What is the difference between AI-assisted and fully autonomous AI in product management?

AI-assisted (Level 1) means humans lead every step and AI provides support. Fully autonomous (Level 3) means the system detects, decides, and acts without human review. Getting from one to the other requires incrementally earning customer trust through transparency, auditability, and demonstrated accuracy, not just shipping more capable models.

How do you build customer trust when launching an agentic product?

Start in blind mode: run the AI silently against real customer data before surfacing any output.
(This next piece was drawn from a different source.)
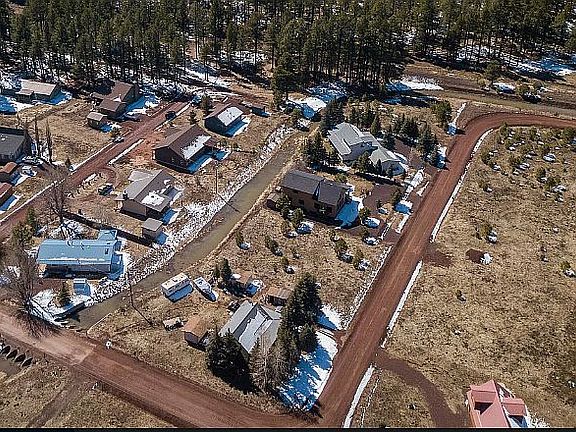 4th image of 136 W Aztec Cir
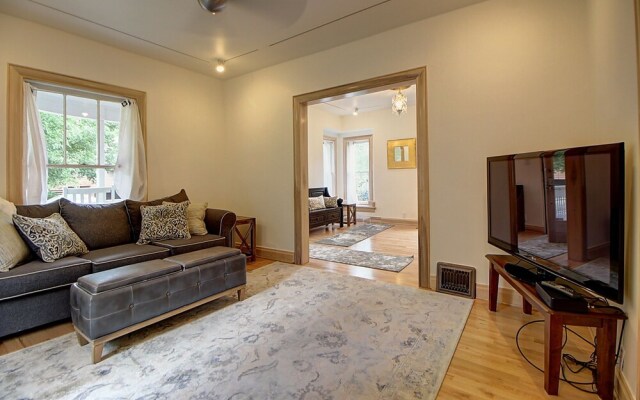 Boulder House on Mapleton Hill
Validate findings with actual end users, not just internal test sets. Show your work by letting users see the reasoning behind every AI decision. And build agents that check other agents before anything reaches the user. Trust is earned in layers, not granted at launch.

What should a product manager's role be when engineers are using AI coding agents?

As engineering velocity accelerates, the bottleneck shifts to the quality of context that PMs provide upfront: customer insights, user personas, workflow details, competitive positioning. PMs who invest in structured, rich context repositories will directly accelerate what their engineering teams can build. Those who don’t will become the slowest part of the system.

How do you prevent low-quality AI output in product teams?

Require a short human-authored document or input before AI is used on any project. This forces the thinking to happen before the generation starts. The discipline is about ensuring human judgment drives the direction before AI scales the execution.

What makes an AI product defensible in a regulated or high-stakes industry?

Two things: proprietary data that can’t be easily replicated, and deep domain expertise translated into a differentiated customer workflow. Workflow alone isn’t enough; anyone can replicate a workflow cheaply with AI. What holds is the combination of unique data and an intimate understanding of customer pain that a generic model simply can’t match.

How do you think about feature bloat when measuring AI impact by features shipped?

Feature count is a leading indicator, not the goal. The only metric that really matters is whether your North Star metrics are moving and whether the business is growing in the right direction. Leading indicators like features shipped and quality metrics tell you if you’re trending right; lagging indicators tell you if it’s actually working. Optimizing for the proxy leads you astray.

How do you decide what to build that AI won't commoditize in a few quarters? 

Focus on problems where domain expertise is genuinely hard to replicate, where being wrong carries real consequences, and where the human-digital interface needs deep specialization. The ability to understand a specific customer’s pain at that level of intimacy is still a uniquely human capability. That’s where the edge lives.